---- Data records

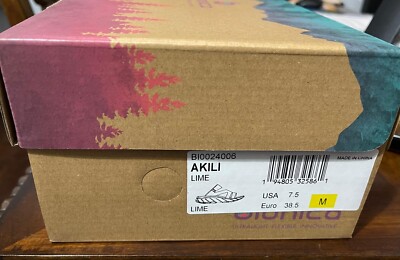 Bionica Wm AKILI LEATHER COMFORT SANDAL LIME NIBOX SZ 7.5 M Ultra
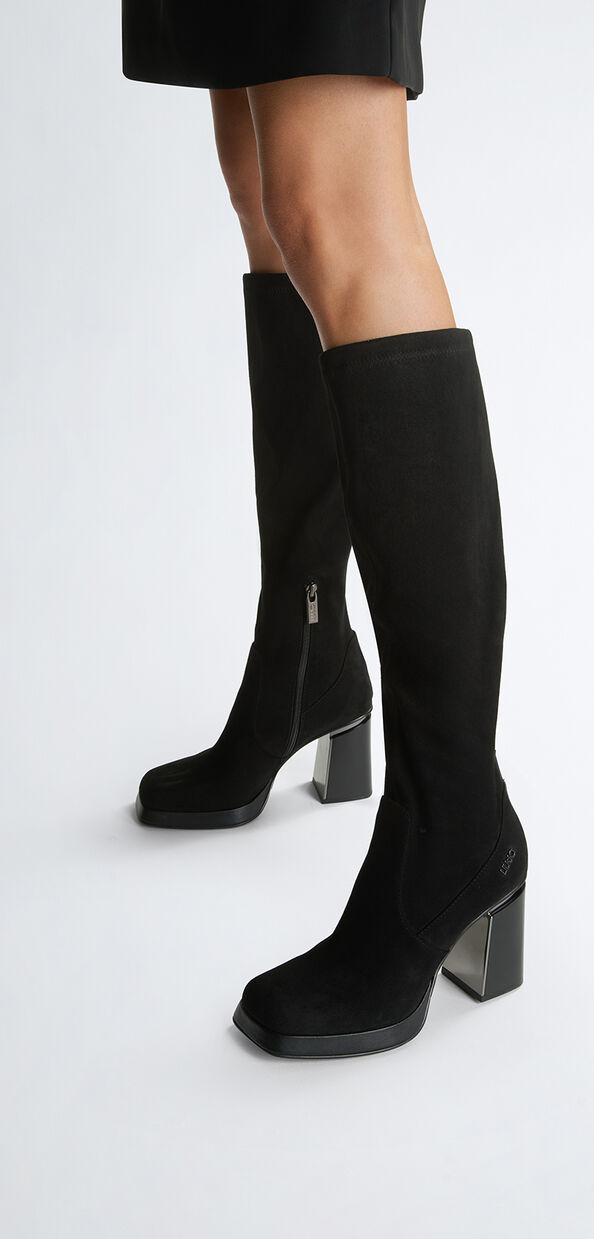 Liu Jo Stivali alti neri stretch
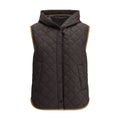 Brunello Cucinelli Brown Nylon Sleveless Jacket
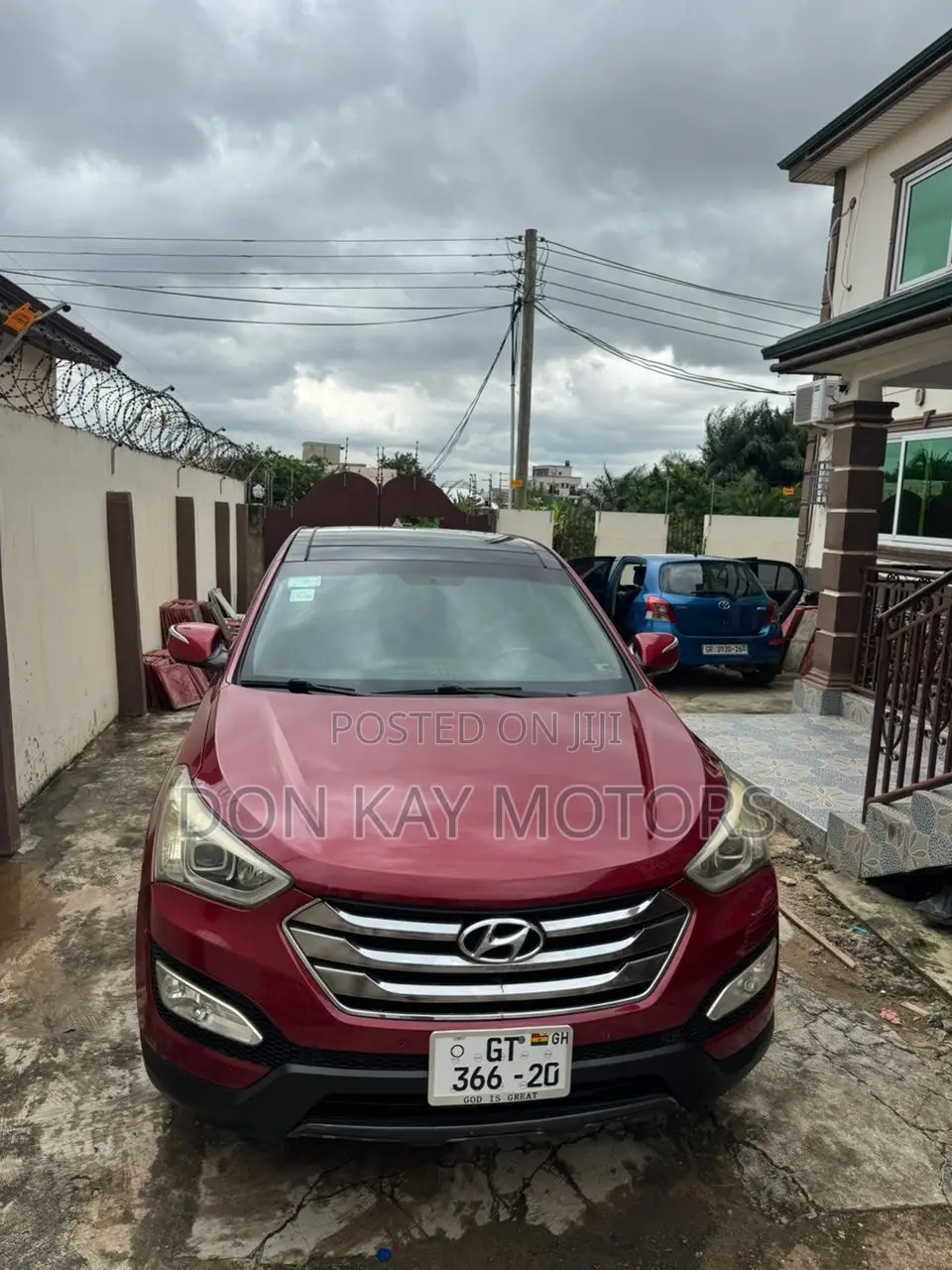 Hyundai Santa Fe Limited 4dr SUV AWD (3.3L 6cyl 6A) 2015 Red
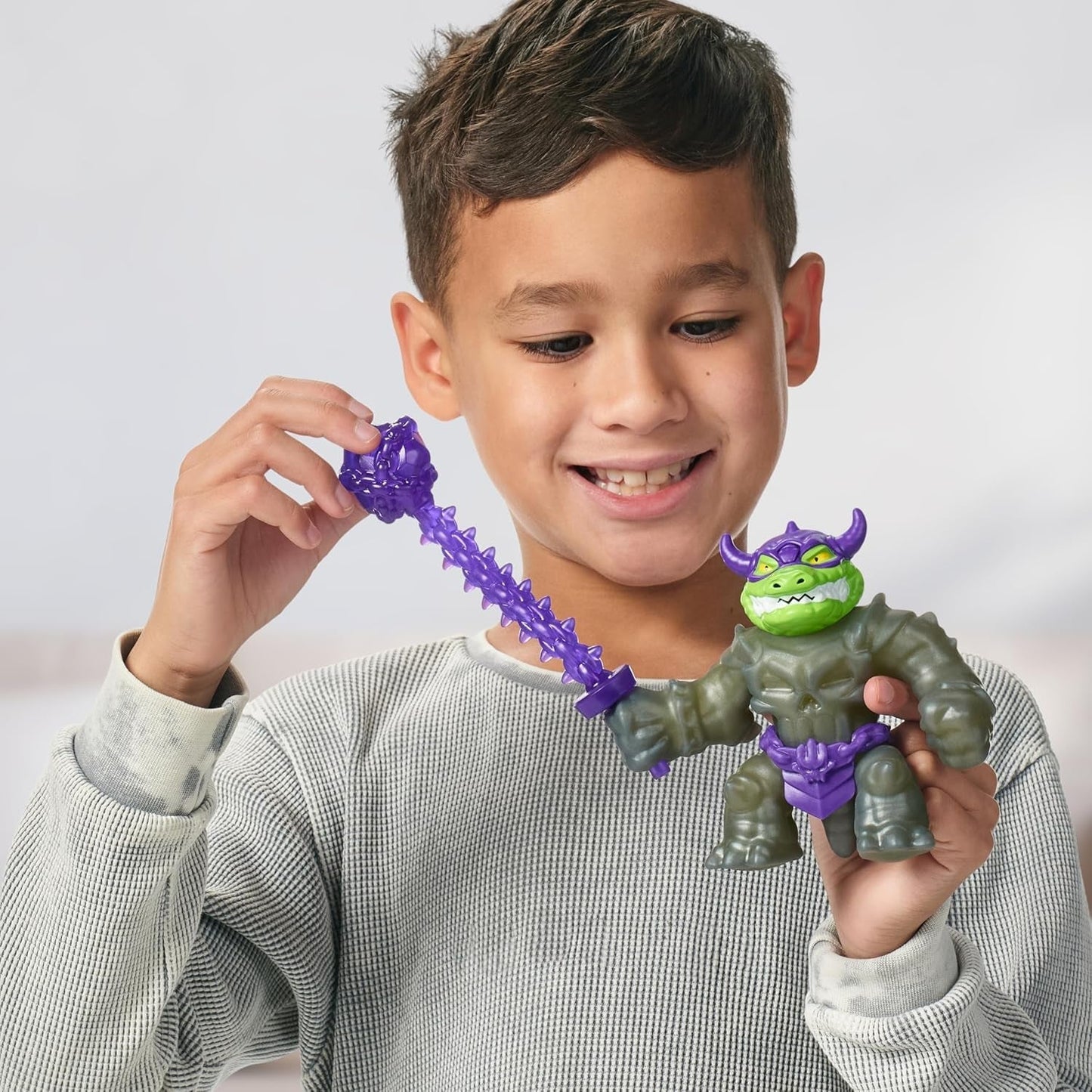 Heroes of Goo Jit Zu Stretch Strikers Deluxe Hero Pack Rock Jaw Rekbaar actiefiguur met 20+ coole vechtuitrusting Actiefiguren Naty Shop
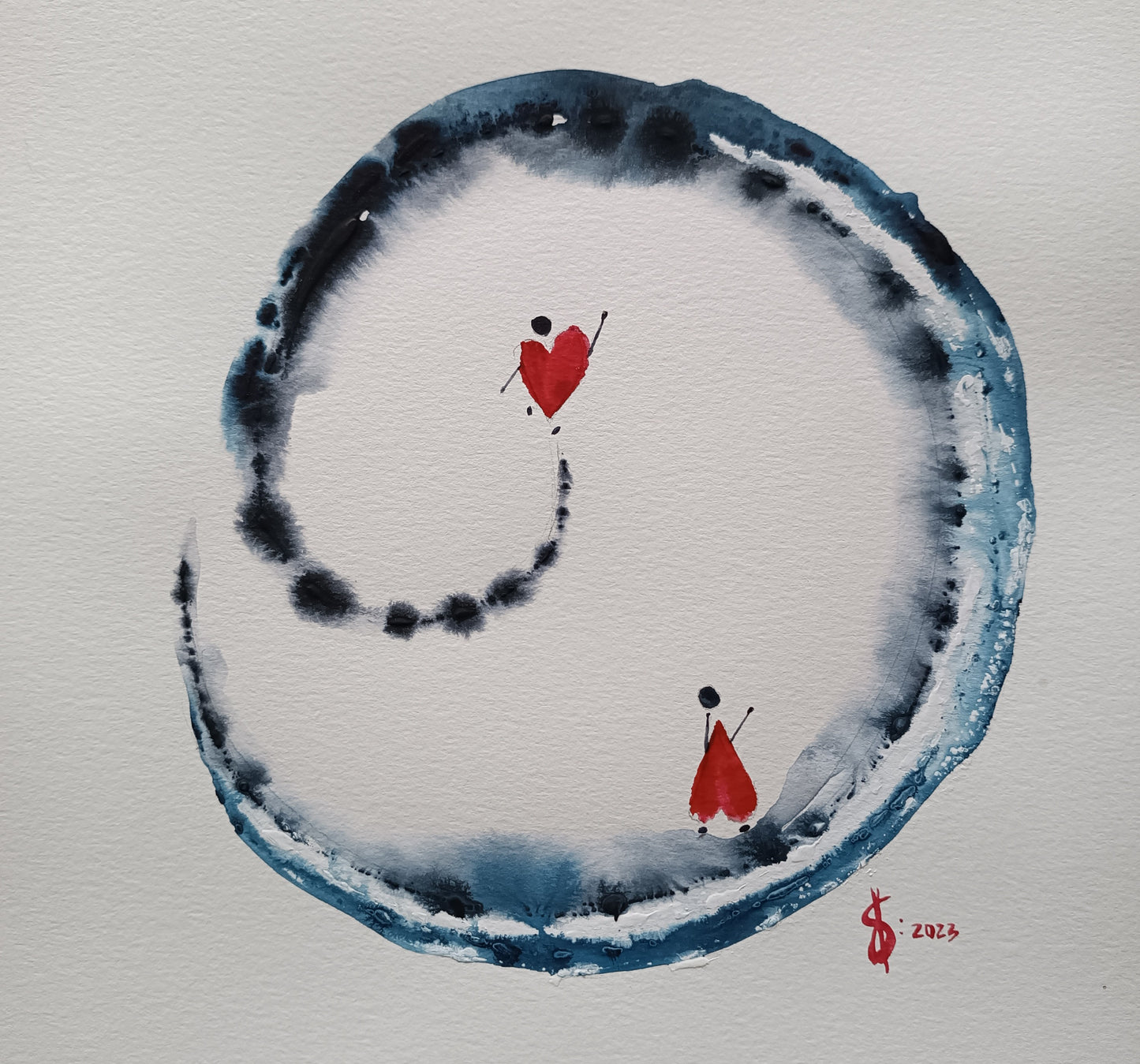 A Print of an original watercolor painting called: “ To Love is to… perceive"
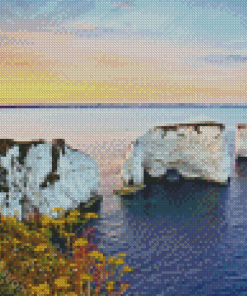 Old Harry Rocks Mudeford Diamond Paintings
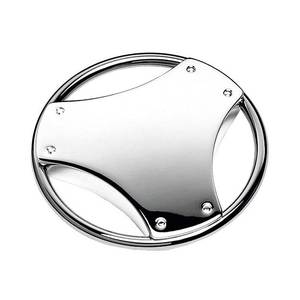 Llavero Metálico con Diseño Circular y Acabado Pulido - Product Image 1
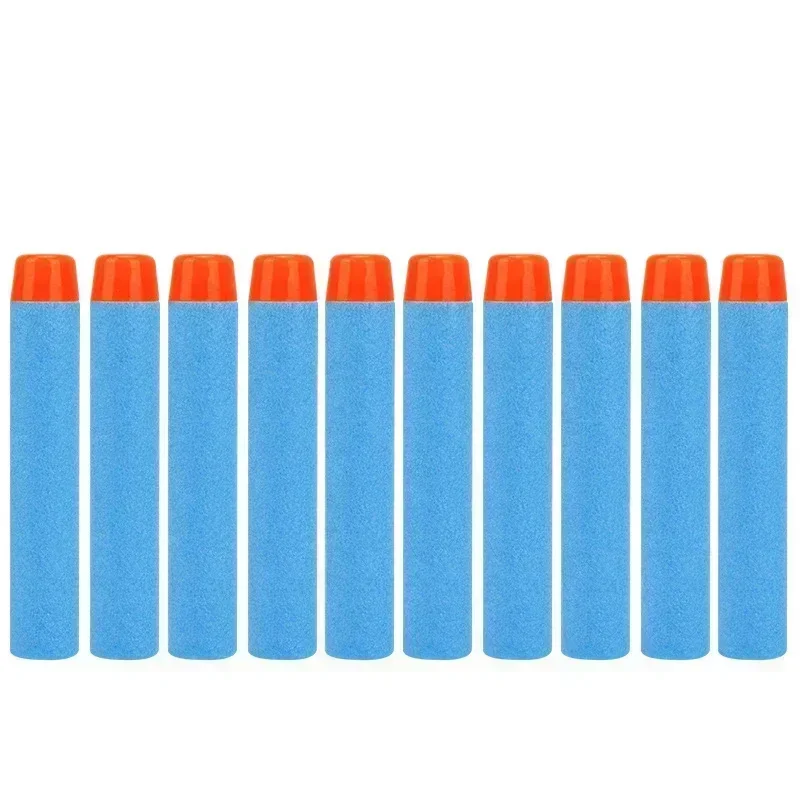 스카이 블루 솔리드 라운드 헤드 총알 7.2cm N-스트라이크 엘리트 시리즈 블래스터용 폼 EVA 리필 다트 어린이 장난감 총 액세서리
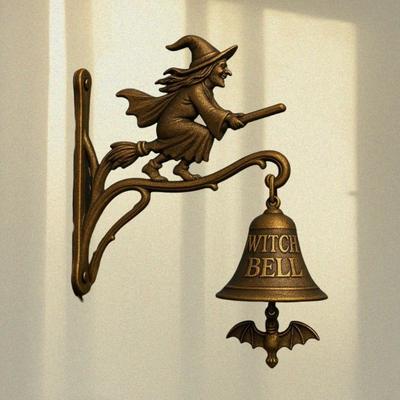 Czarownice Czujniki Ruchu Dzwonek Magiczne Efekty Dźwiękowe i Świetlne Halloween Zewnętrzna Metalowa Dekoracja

--------

Having located the line with "Old Harry Rocks Mudeford Diamond Paintings", transcribe exactly and only the lines from it to the final line of the material, skipping the pictures.

● Expected output
 Old Harry Rocks Mudeford Diamond Paintings
 Llavero Metálico con Diseño Circular y Acabado Pulido - Product Image 1
 스카이 블루 솔리드 라운드 헤드 총알 7.2cm N-스트라이크 엘리트 시리즈 블래스터용 폼 EVA 리필 다트 어린이 장난감 총 액세서리
 Czarownice Czujniki Ruchu Dzwonek Magiczne Efekty Dźwiękowe i Świetlne Halloween Zewnętrzna Metalowa Dekoracja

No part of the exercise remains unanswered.